Records for this exercise
────────────────────────────────────────

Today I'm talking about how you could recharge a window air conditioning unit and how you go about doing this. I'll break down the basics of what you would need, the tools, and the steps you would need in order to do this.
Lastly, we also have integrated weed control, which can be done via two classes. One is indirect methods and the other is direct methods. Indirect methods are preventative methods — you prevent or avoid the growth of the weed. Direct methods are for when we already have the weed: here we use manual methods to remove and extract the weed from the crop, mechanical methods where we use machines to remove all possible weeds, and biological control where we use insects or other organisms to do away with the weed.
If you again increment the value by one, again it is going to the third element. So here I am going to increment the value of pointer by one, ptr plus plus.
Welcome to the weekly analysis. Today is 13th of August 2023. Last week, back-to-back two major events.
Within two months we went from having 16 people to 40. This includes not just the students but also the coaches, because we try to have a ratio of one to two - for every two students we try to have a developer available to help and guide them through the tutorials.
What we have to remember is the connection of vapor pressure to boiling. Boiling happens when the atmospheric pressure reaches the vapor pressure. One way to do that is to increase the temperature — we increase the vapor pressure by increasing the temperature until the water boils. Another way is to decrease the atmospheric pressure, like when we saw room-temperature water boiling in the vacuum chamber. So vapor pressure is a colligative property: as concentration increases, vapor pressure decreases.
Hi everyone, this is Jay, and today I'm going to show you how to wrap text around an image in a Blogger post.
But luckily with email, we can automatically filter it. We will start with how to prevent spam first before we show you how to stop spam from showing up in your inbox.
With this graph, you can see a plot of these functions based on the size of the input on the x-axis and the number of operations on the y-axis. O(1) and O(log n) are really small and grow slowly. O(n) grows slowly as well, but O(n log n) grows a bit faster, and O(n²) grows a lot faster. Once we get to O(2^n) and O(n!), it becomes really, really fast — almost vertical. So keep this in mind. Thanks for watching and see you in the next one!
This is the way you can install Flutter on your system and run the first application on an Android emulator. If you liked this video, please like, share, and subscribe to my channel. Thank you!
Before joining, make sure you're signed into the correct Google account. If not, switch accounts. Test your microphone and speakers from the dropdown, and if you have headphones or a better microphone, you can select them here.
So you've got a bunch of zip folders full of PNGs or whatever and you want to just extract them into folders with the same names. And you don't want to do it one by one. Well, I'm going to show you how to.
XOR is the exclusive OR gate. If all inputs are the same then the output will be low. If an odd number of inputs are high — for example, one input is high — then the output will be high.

────────────────────────────────────────

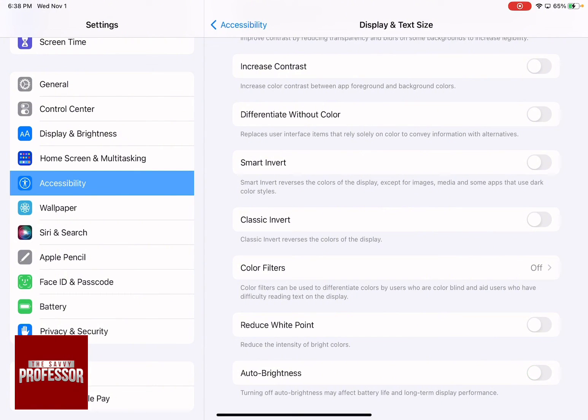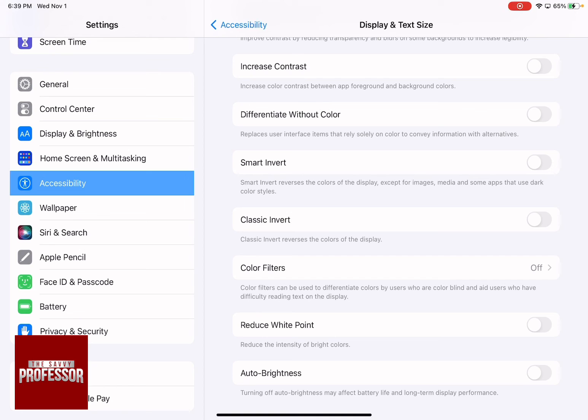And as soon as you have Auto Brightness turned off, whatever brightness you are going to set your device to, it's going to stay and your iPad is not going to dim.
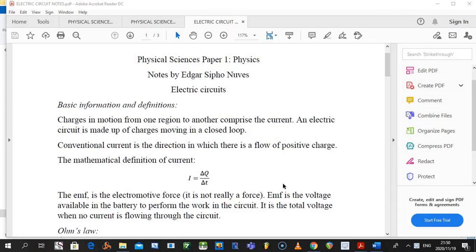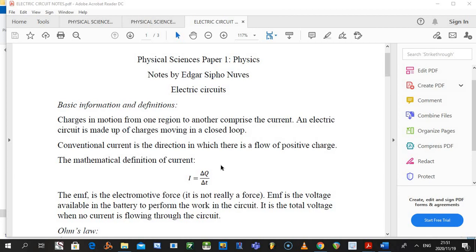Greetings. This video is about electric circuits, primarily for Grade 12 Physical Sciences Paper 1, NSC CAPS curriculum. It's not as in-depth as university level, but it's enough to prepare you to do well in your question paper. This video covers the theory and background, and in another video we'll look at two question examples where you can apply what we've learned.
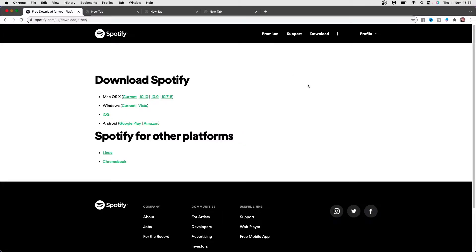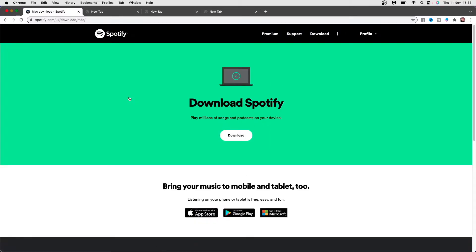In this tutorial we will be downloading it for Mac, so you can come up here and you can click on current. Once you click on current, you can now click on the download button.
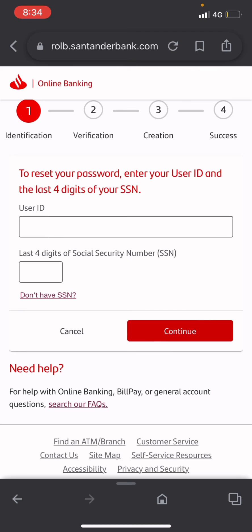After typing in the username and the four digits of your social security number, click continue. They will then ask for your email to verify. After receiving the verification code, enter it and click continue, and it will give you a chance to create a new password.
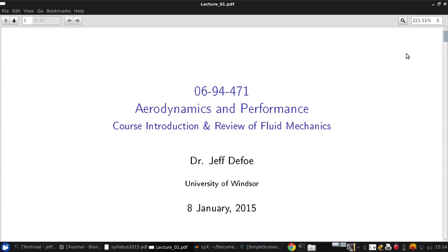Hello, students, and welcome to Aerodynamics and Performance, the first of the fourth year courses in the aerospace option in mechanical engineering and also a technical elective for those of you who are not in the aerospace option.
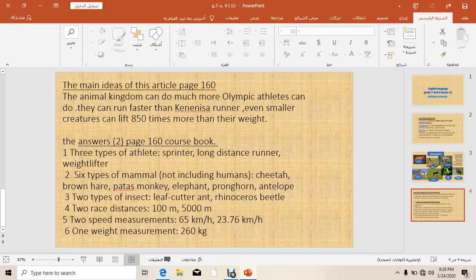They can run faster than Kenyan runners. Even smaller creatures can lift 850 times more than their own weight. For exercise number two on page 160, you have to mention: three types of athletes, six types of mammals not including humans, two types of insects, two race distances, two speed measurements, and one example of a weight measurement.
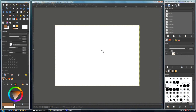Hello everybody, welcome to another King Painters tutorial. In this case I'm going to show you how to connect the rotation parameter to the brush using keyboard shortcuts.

────────────────────────────────────────

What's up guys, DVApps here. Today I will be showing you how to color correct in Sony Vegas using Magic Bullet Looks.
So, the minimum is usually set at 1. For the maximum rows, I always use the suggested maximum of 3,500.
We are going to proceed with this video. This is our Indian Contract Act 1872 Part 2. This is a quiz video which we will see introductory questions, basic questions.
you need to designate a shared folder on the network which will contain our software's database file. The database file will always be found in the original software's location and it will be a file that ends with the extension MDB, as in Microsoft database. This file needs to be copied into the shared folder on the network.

────────────────────────────────────────

Exercise details
Nothing but the lines above, starting at the line that contains "And as soon" and ending at the line that contains "Hello everybody, welcome", should be given again, exactly and without the pictures.

Reply
And as soon as you have Auto Brightness turned off, whatever brightness you are going to set your device to, it's going to stay and your iPad is not going to dim.
Greetings. This video is about electric circuits, primarily for Grade 12 Physical Sciences Paper 1, NSC CAPS curriculum. It's not as in-depth as university level, but it's enough to prepare you to do well in your question paper. This video covers the theory and background, and in another video we'll look at two question examples where you can apply what we've learned.
In this tutorial we will be downloading it for Mac, so you can come up here and you can click on current. Once you click on current, you can now click on the download button.
After typing in the username and the four digits of your social security number, click continue. They will then ask for your email to verify. After receiving the verification code, enter it and click continue, and it will give you a chance to create a new password.
Hello, students, and welcome to Aerodynamics and Performance, the first of the fourth year courses in the aerospace option in mechanical engineering and also a technical elective for those of you who are not in the aerospace option.
They can run faster than Kenyan runners. Even smaller creatures can lift 850 times more than their own weight. For exercise number two on page 160, you have to mention: three types of athletes, six types of mammals not including humans, two types of insects, two race distances, two speed measurements, and one example of a weight measurement.
Hello everybody, welcome to another King Painters tutorial. In this case I'm going to show you how to connect the rotation parameter to the brush using keyboard shortcuts.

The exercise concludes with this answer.